Shooting Birds and Picking Cotton To Earn Money

    A question popular on “Fazebook” got me thinking about earning money growing up. A couple of weeks ago I started seeing the question “Have you ever picked cotton?” often.

    Yes, I have – one time when I was about 12 years old.  A friend’s family had a big farm and grew cotton.  One weekend while visiting we decided to earn some money by helping pick cotton.  We got our long bags and went out into the hot field early in the morning.

    I admit we played as much as we picked.  And we quit at noon, going in for lunch and deciding that was not a fun way to earn money. I don’t remember how much was paid for picking cotton, I think it was about 25 cents per hundred pounds. If I remember right, I earned a whole dime that half day I “worked.”

    A money earning “job” I had that I really enjoyed for years would probably make bird watchers and animal rights fanatics go crazy now. It was protecting our pecan trees. 

We had five big pecan trees and not only sold the nuts for a little extra farm income; we shelled and ate fresh nuts every way from raw to parched to pies and on cakes. And we froze many pounds for use until the next crop.

    Blue jays and crows liked pecans as much as we did and could eat enough each day to hurt our harvest.  From the time I got my first BB gun at six years old until I went off to college, daddy paid me a dime for every blue jay and a quarter for every crow I could kill.

    Blue jays were fairly easy to kill and on a good Saturday I often earned a dollar.  Crows were not easy.  I would get up at dawn and sit in a bush near one of the pecan trees with my .410, only to miss the crow as it flew off.  They always saw me raise my gun no matter how careful and slowly I tried to sight in on them sitting on a limb. I can remember killing only three in all the years I tried!

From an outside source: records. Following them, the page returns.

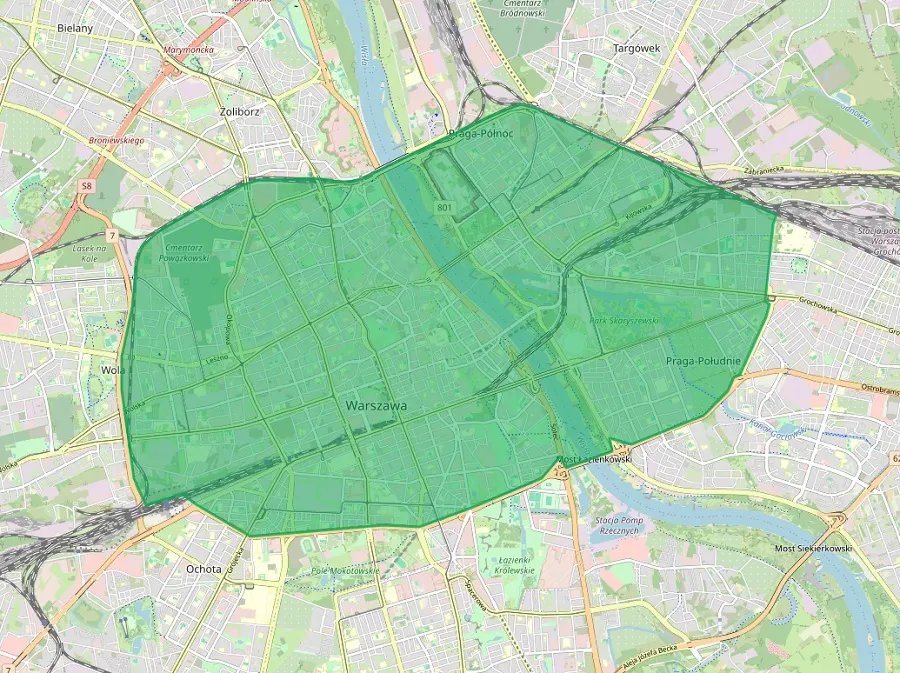 Mapa Strefy Czystego Transportu Warszawa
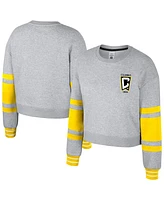 Stadium Essentials Women's Heather Gray Columbus Crew Scrimmage Cropped Pullover Sweatshirt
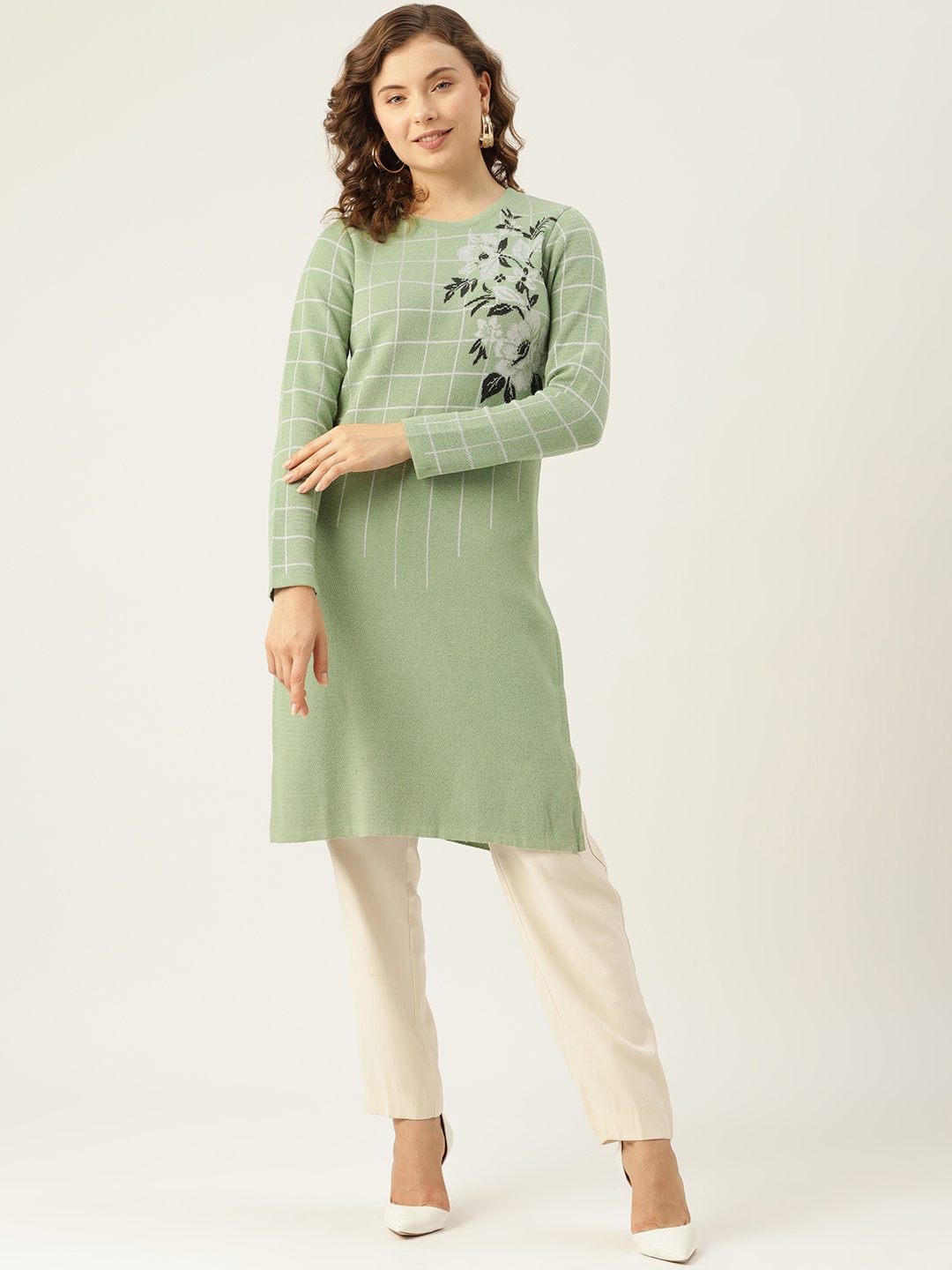 

American Eye Women Floral Checked Winter Kurta, Green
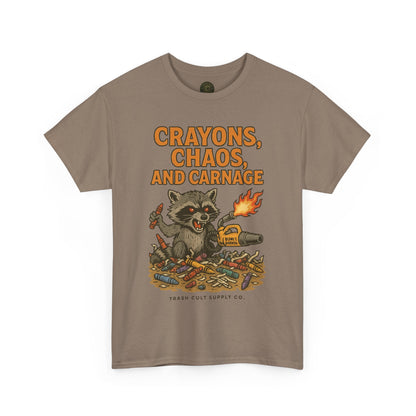 Crayons, Chaos, and Carnage T-Shirt – Dark Humor Raccoon Graphic | Trash Cult Supply Co. | Gildan 5000 Tee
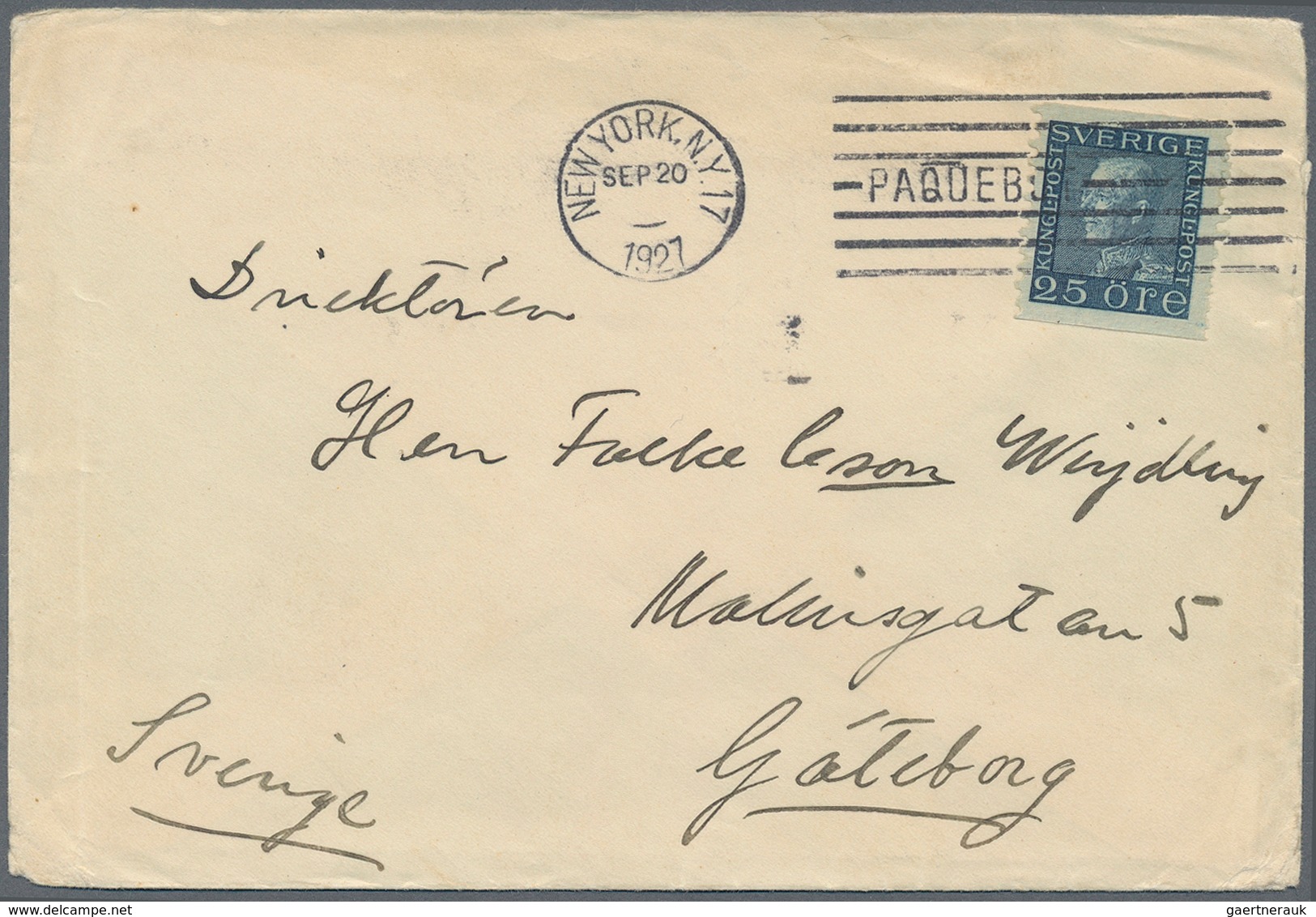 Schweden - Stempel: 1845/1957, Collection of about 36 letters/cards, nearly all with ship-post cance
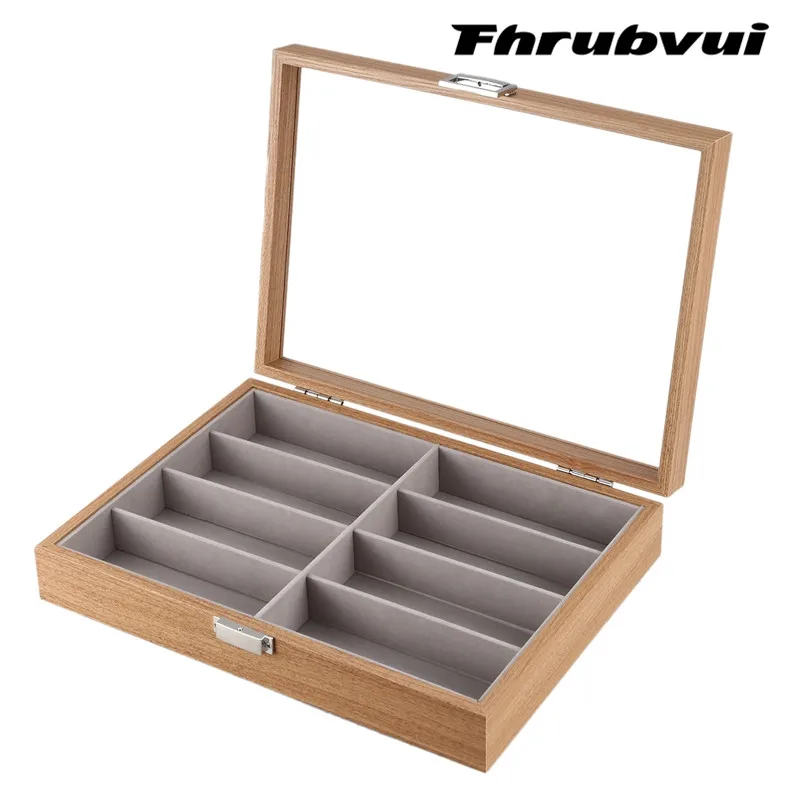 Beste Lenzenvloeistof Sunglass Opbergdoos Imitatieleer Glazen Display Case Organizer Collector 8 Slot Zwart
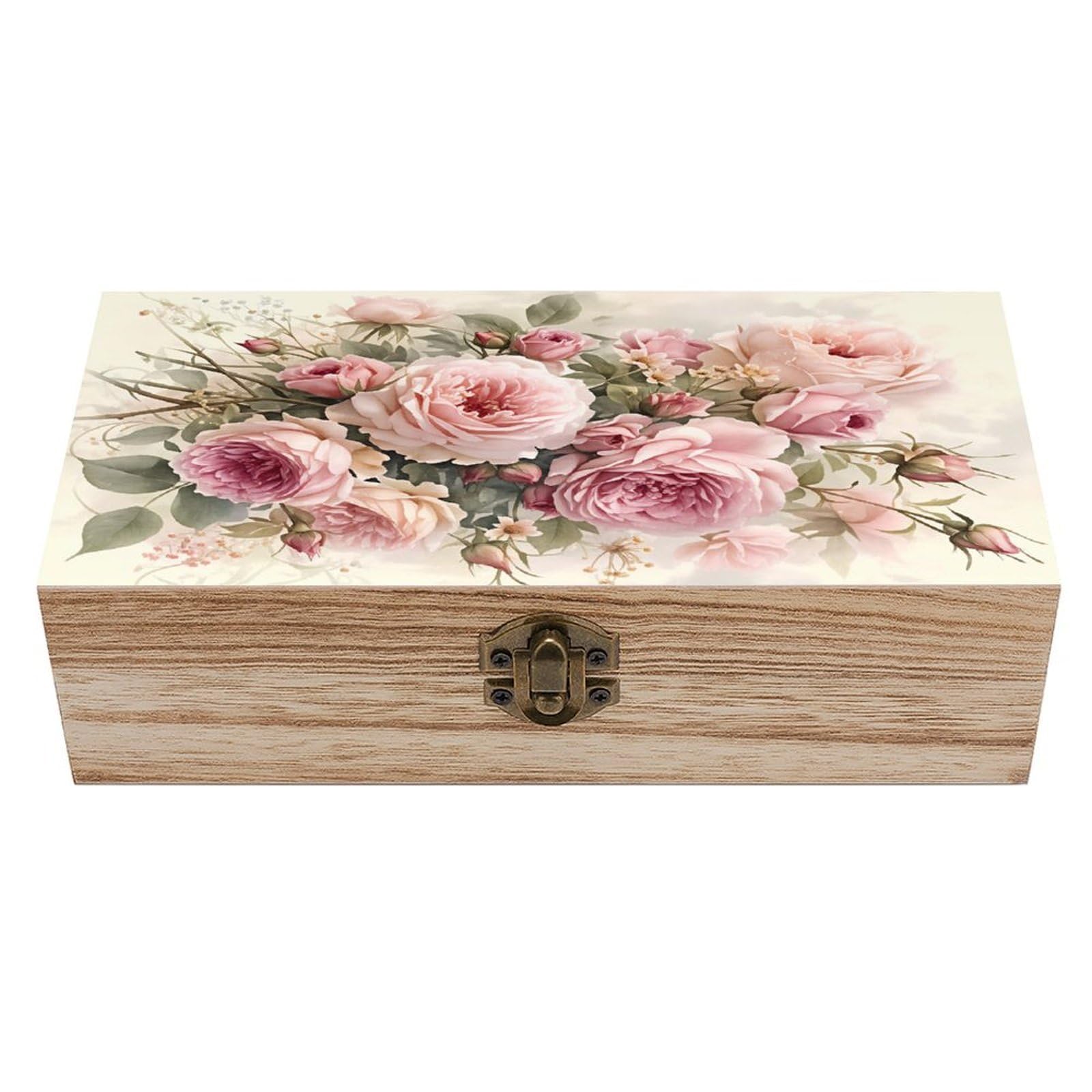 HLBSDM Pink Roses Floral Bouquet Vintage Wooden Keepsake Box with Hinged Lid And Locking Clasp, Decorative Storage Box for Jewelry, Trinkets And Small Accessories, Organizer for Home Or Wedding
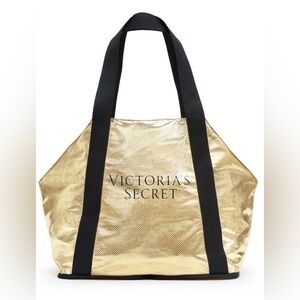 Victoria's Secret Gold and Black Tote Bag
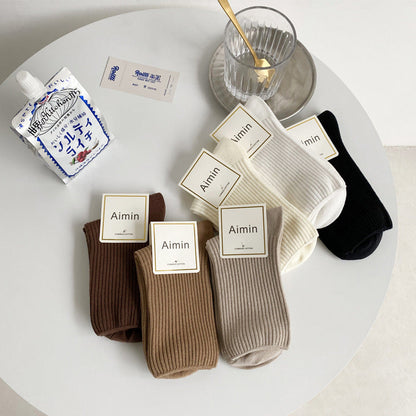 Cute Cotton Solid Color Crew Socks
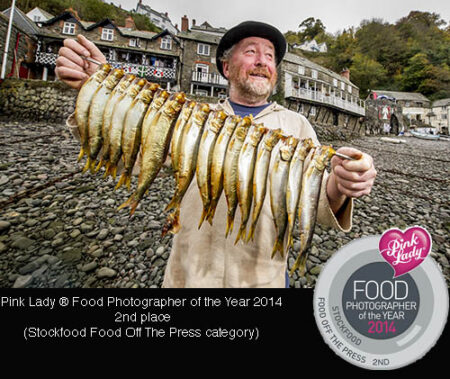 Photo by Guy Harrop 17/11/13. Clovelly herring festival, Devon, UK. The fishing village once depended on the harvest of herring, which are caught in superb condition for a short season off its coast with records going back over 400 years. Now there are just two herring fishermen who still employ sustainable fishing methods using drift nets and long lines. Pictured is expert fish smoker Mike Smylie with some of his traditionally smoked herrings at the festival.

image copyright guy harrop
info@guyharrop.com
07866 464282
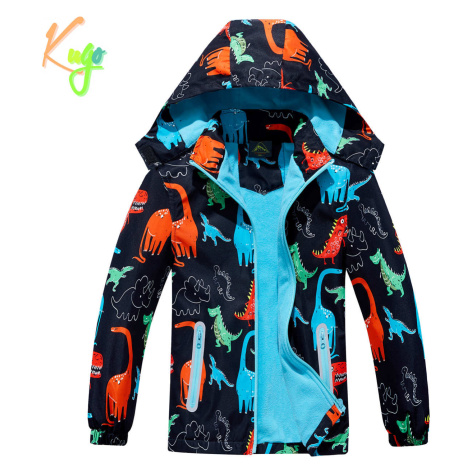 Chlapecká podzimní bunda, zateplená KUGO B2857, černá, dinosauři Barva: Černá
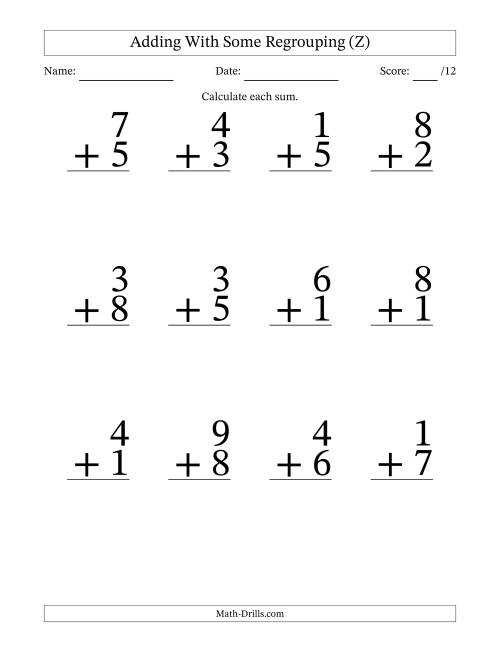 The 12 Single-Digit Addition Questions With Some Regrouping (Z) Math Worksheet
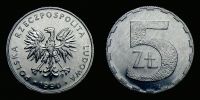1990 AD., Poland, Peoples Republic, Warsaw mint, 5 ZÅ‚otych, KM Y 81.3. 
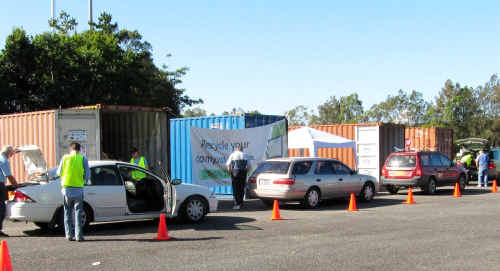 Residents line up to unload their unwanted electronic equipment during the first e-waste recycling weekend at Coffs Harbour. Residents line up to unload their unwanted electronic equipment during the first e-waste recycling weekend at Coffs Harbour.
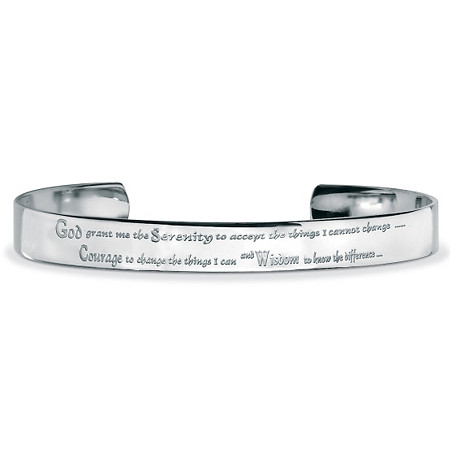 Stainless Steel Inspirational "Serenity Prayer" Cuff Bracelet 8 1/2" at PalmBeach Jewelry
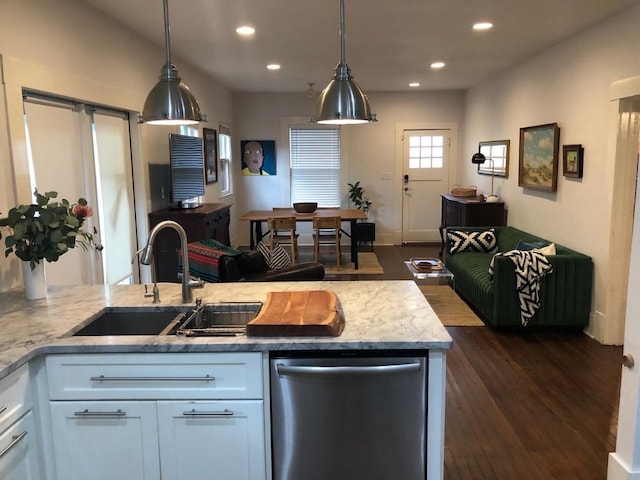 900 W Lynn St, Austin, TX 78703 - kitchen with dishwasher, a sink, dark wood-type flooring, white cabinetry, and recessed lighting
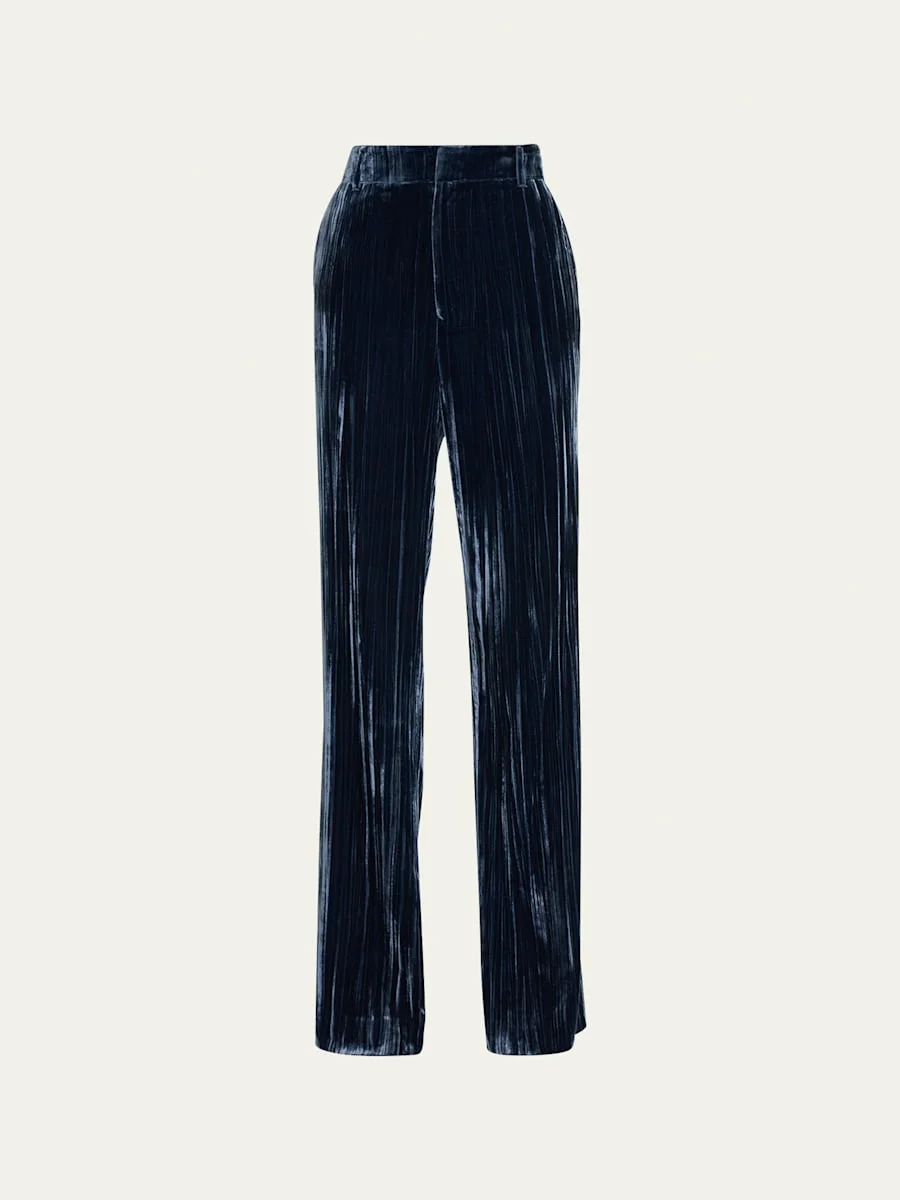 Kerry Slim Straight-Leg Crepe Pants - 1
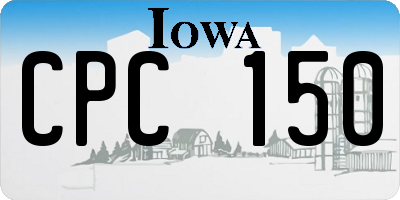 IA license plate CPC150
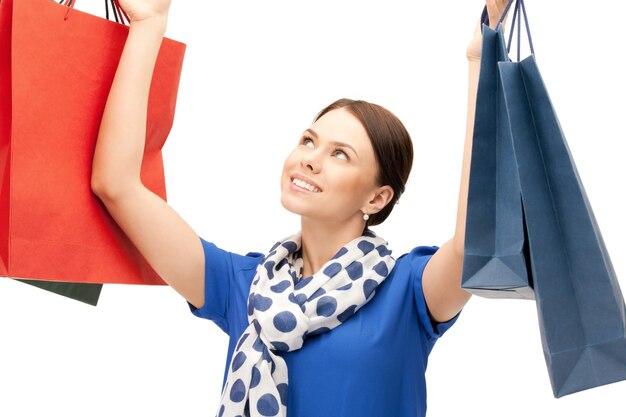 picture of lovely woman with shopping bags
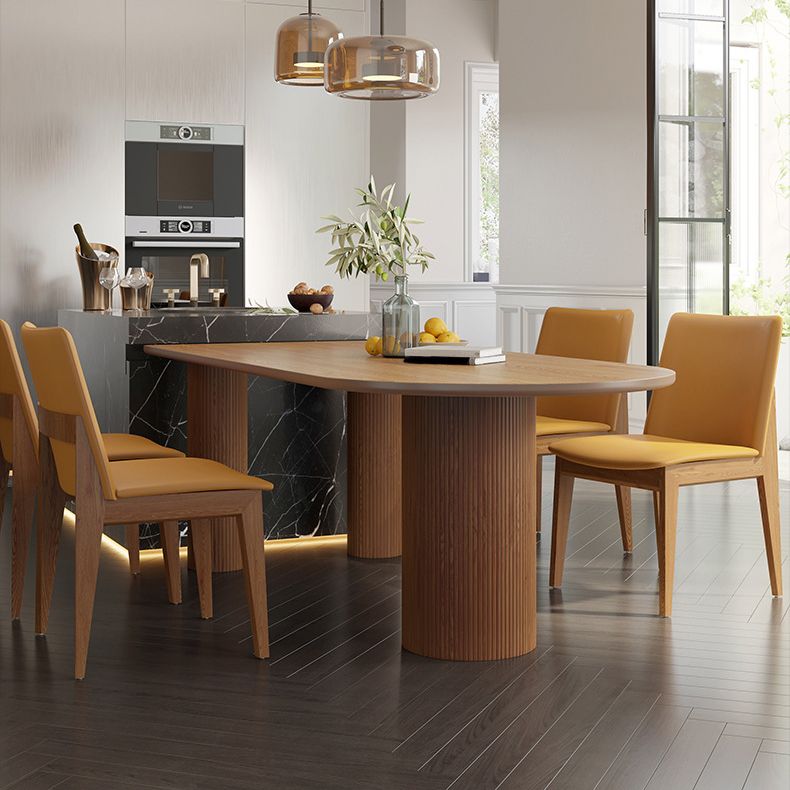 Island Platform Dining Table Contemporary Solid Wood Dining Table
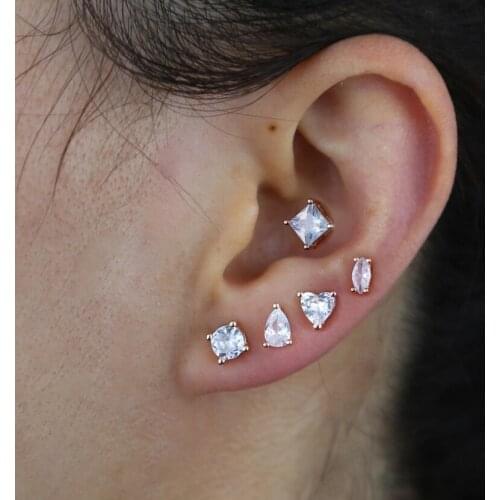 Small Silver Color stud Earrings Paved Heart Round Square Oval CZ Crystal Ear Studs In real 925 sterling silver Earring Women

    I could get my bounty year-round, and my standard fee for blowing up a nest with eggs was 50 cents since five eggs were average. After killing the adult near the nest, there was no way to count the eggs after shooting up the nest. If there were baby birds in it, I could usually find and count them. I realized later in life daddy trusted me completely to tell him the truth about how many I killed, a small thing but I am sure it helped me realized the importance of being honest.

    While leaves were on the trees blue jays were harder to see and shoot, but I got pretty good at it.  With bare limbs, it was easy to spot the patch of blue but much harder to get close enough for a shot.  They could see me as well as I could see them.

    I wonder if kids have fun ways to earn money now?